I have a recurrence that looks like
$$p(i,j,k) = \frac{j}{n}p(i-1,j-1,k-1) + \frac{i-j}{n}p(i-1,j,k-1)$$
$$p(i,0,k) = 1$$ $$p(i,j,0) = 0$$ $$p(0,j,k) = 0$$
The base cases are to be considered in order from top to bottom. So the first matching one applies.
We define the function only when $0\leq i,k \leq n$ and $0\leq j \leq 2$.
I would like to prove that $$p\left(n,2,\left\lceil \sqrt{n} \right\rceil\right) \geq \frac{1}{2n}$$
for $n\geq 2$.
The recurrence measures the probability of events occurring in a Markov chain. I have computed the values for all $n<300$ and it does hold for those.

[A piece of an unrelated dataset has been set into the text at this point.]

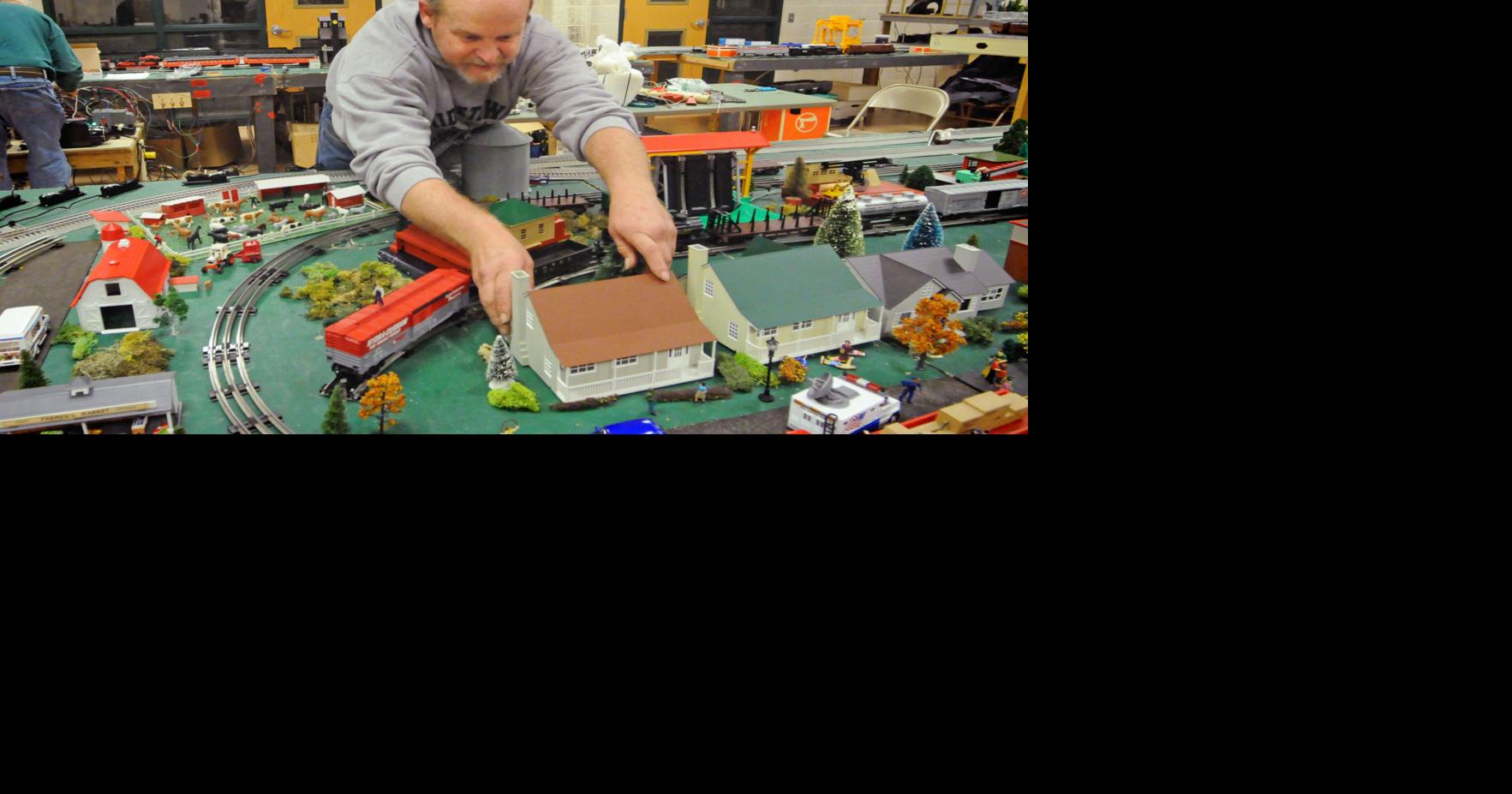 All aboard: holiday train display returns to Elizabethtown Public ...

Is there a direct way of proving this without having to solve the recurrence fully? It looks like you should be able to prove it by induction but I can't exactly see how.

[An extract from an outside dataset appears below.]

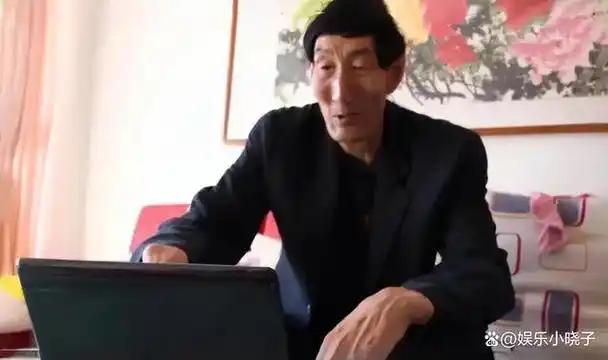 回顾中国第一巨人鲍喜顺不听医生劝告执意生娃儿子今身高多少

Update. As suggested in the comments, we can solve $p(i,1,k)$ explicitly just by unrolling as the recurrence is simply $$p(i,1,k) = \frac{1}{n} + \frac{i-1}{n} p(i-1,1,k-1)$$
and we can also assume $k \leq i$ so we know exactly how many steps to unroll for. However, I am not sure how much this helps.

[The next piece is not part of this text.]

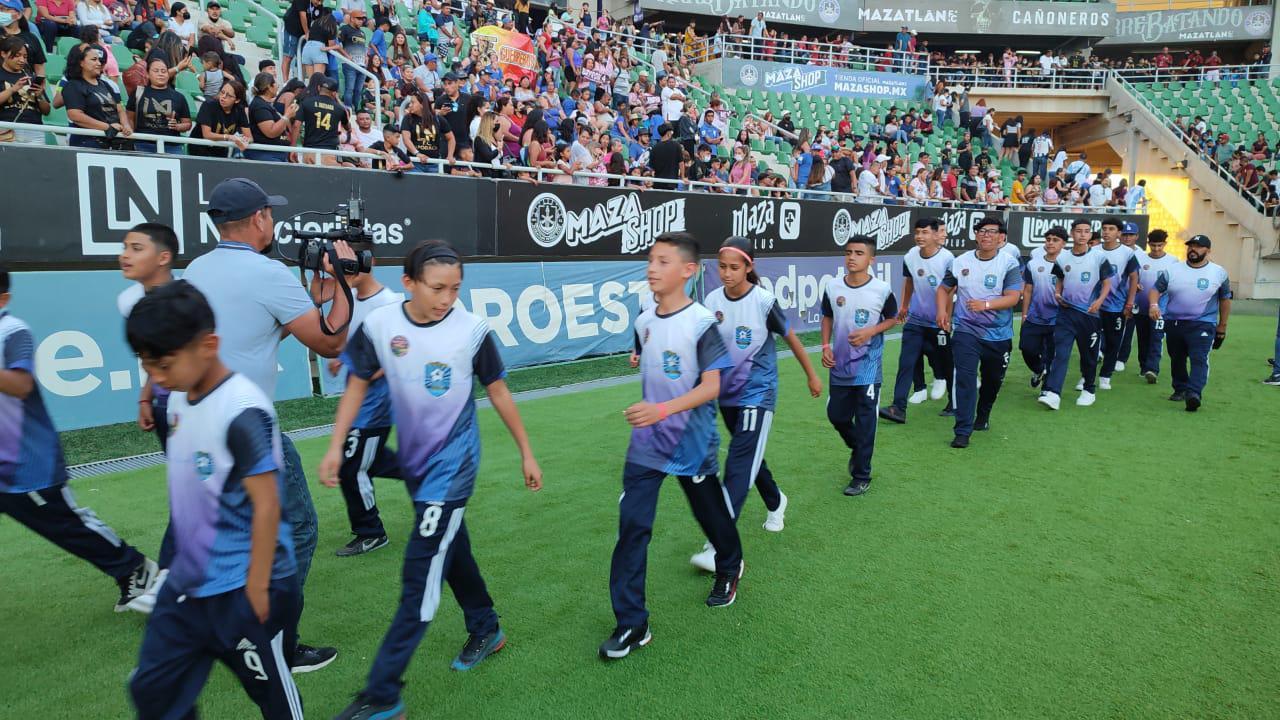 $!Con más de 200 equipos se inaugura Copa Mazatlán de Futbol 7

I write an exact solution of the equation and hope that it helps to you to obtain some estimate.
I suppose that $i>k$.
1) Let $j=1$. Setting $p(i,1,k)=\frac{(i-1)!}{n^k}r(i,k)$ we have $$ r(i,k)=\frac{n^{k-1}}{(i-1)!}+r(i-1,k-1). $$ From here $$ r(i,k)=\frac{1}{n^{i-k}}\sum_{\alpha=i-k}^{i-1}\frac{n^\alpha}{\alpha!}\approx \frac{1}{n^{i-k}}(e^{i-1}-e^{i-k}). $$
2) Let $j=2$. Setting $p(i,2,k)=\frac{(i-2)!}{n^k}t(i,k)$ we have $$ t(i,k)=2r(i,k)+t(i-1,k-1). $$ From here $$ t(i,k)=2(r(i,k)+r(i-1,k-1)+\ldots +r(i-k+2,2))\approx \ldots $$ (here you have a geometric progression). Of course, ``$\approx$'' should be used cautiously.